5.13 Bank Expenses. Borrower will pay or reimburse Bank for all
reasonable costs, expenses and fees incurred by Bank in preparing and
documenting this Agreement and the Loan, and all amendments and modifications
thereof, including but not limited to all filing and recording fees, costs of
appraisals, insurance and reasonable attorneys' fees.
5.14 Reports Under Pension Plans. Borrower will furnish to Bank, as
soon as possible and in any event within 15 days after Borrower knows or has
reason to know that any event or condition with respect to any defined benefit
pension plans of Borrower described in subsection 4.13 above has occurred, a
statement of an authorized officer of Borrower describing such event or
condition and the action, if any, which Borrower proposes to take with respect
thereto.
SECTION 6. NEGATIVE COVENANTS
Until the Note and all other sums payable pursuant to this Agreement and
the Loan Documents have been paid in full, unless Bank otherwise consents
in writing, Borrower agrees that:
6.1 Encumbrances and Liens. Borrower will not create, assume or
suffer to exist any mortgage, pledge, security interest, encumbrance, or lien
(other than for taxes not delinquent and for taxes and other items being
contested in good faith) on property of any kind, whether real, personal or
mixed, now owned or hereafter acquired, or upon the income or profits thereof,
except for (a) in connection with acquisitions contemplated by subsection 1.3
hereof, (b) liens in favor of Bank, (c) encumbrances and easements on real
property which do not materially and adversely affect its market value, and (d)
existing liens on Borrower's real and personal property and future purchase
money security interests encumbering only the real or personal property
purchased. All of such permitted real and personal property liens shall secure
indebtedness not exceeding in the aggregate principal amount at any one time
outstanding the sum of Two Hundred Thousand Dollars ($200,000).
6.2 Borrowings.

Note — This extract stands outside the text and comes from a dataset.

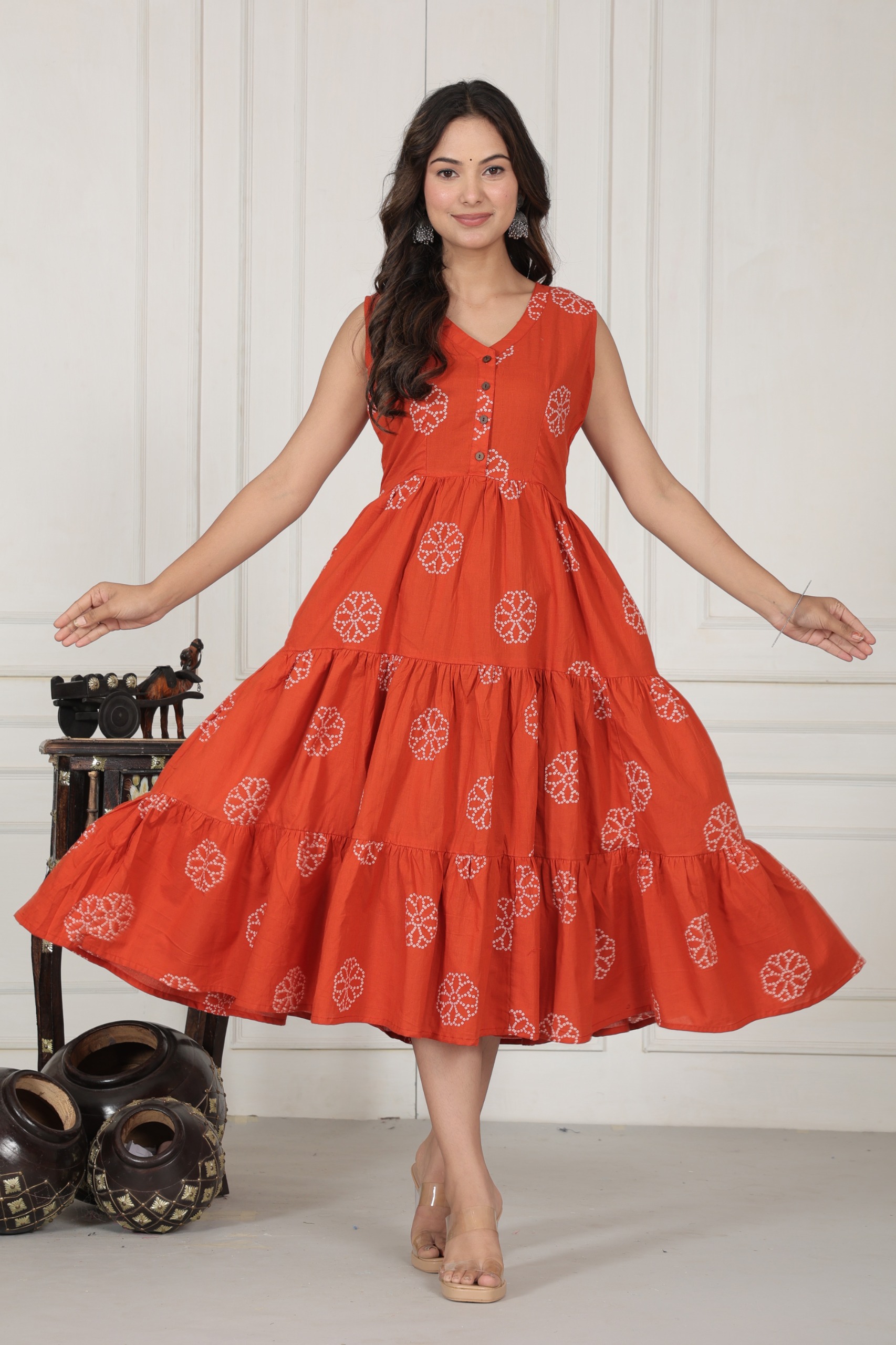 Breezy Cotton V-Neck Midi Dress 2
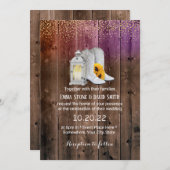 カウボーイ素朴ブーツランタン金ゴールド結婚紙吹雪 招待状 (正面/裏面)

Borrower will not sell, discount or otherwise transfer
any account receivable or any note, draft or other evidence of indebtedness,
except to Bank or except to a financial institution at face value for deposit or
collection purposes only and without any fee other than fees normally charged by
the financial institution for deposit or collection services. Borrower will not
borrow any money, become contingently liable to borrow money, nor enter any
agreement to directly or indirectly obtain borrowed money, except (a) in
connection with acquisitions contemplated by subsection 1.3 hereof, (b) pursuant
to agreements made with Bank, (c) refinancing of existing indebtedness of
Borrower, provided that the principal amounts of such indebtedness so refinanced
shall not increase, (d) existing and future purchase money indebtedness and (e)
other indebtedness not referred to hereinabove, so long as such indebtedness is
subordinated to the obligations owing to Bank on such terms and conditions as
may be reasonably acceptable to Bank, acting in good faith.

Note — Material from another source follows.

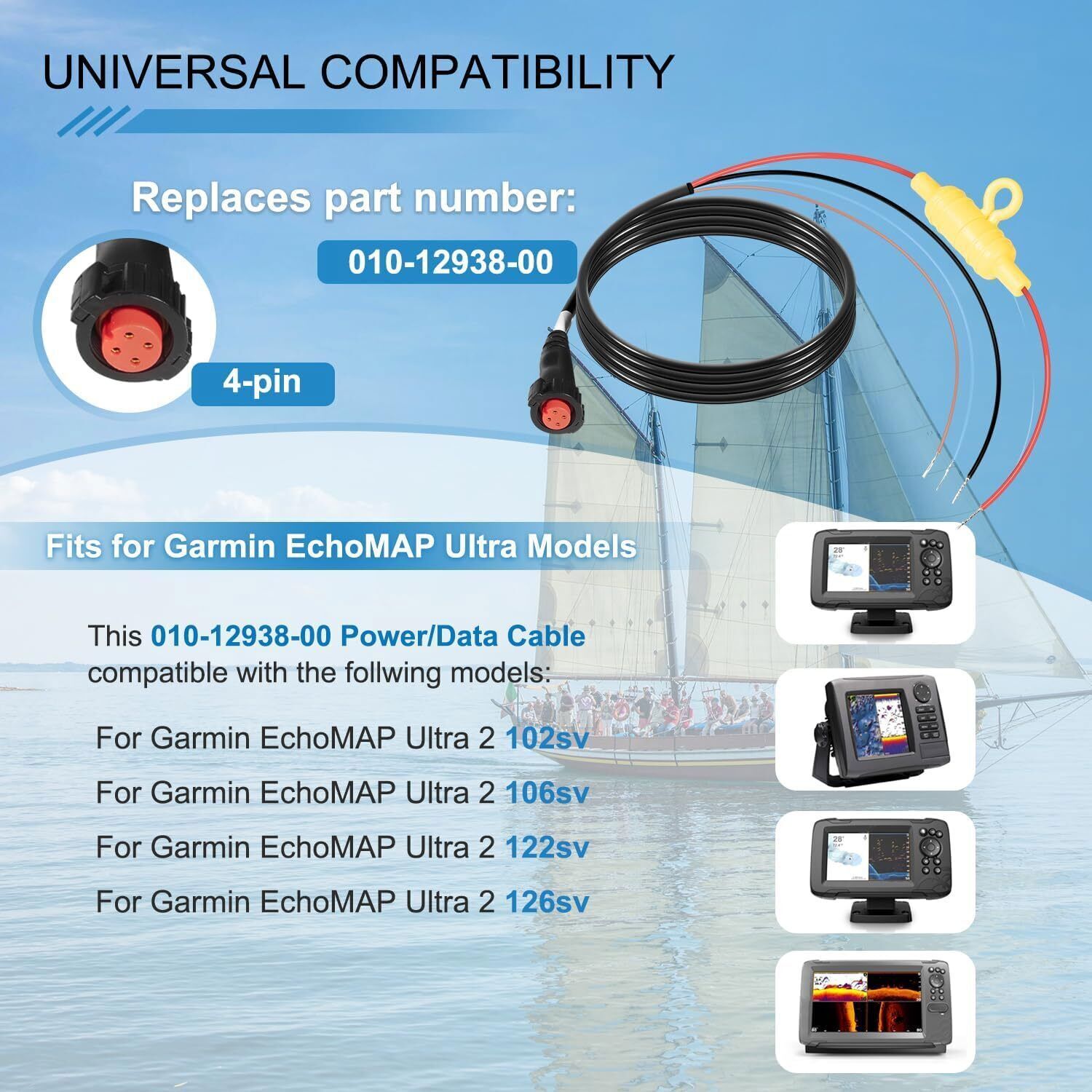 For Garmin ECHOMAP Ultra 4-pin Threaded Power Data Cable 010-12938-00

6.3 Sale of Assets, Liquidation or Merger. Borrower will not
liquidate, dissolve or enter into any consolidation, merger, partnership or
other combination, nor convey, sell or lease all or more than 75% of its assets
or business, nor purchase or lease all or more than 75% of the assets or
business of another.
6.4 Loans, Advances and Guaranties. Borrower will not, except in the
ordinary course of business as currently conducted, make any loans or advances,
become a guarantor or surety, pledge its credit or properties in any manner or
extend credit except that Borrower may make loans to any of its Domestic
Subsidiaries or Foreign Subsidiaries, provided that the aggregate principal
amount of all such loans to Foreign Subsidiaries at any one time outstanding
shall not exceed Three Million Dollars ($3,000,000).
6.5 Investments. Borrower will not purchase the debt or equity of
another person or entity except for (a) the acquisitions contemplated by this
Agreement, (b) savings accounts and certificates of deposit of Bank, and (c)
obligations in connection with borrowings and loans permitted under subsections
6.2 and 6.4 hereof, respectively and (d) direct U.S. Government obligations and
commercial paper issued by corporations with the top ratings of Moody's or
Standard & Poor's, provided all such permitted investments shall mature within
one year of purchase.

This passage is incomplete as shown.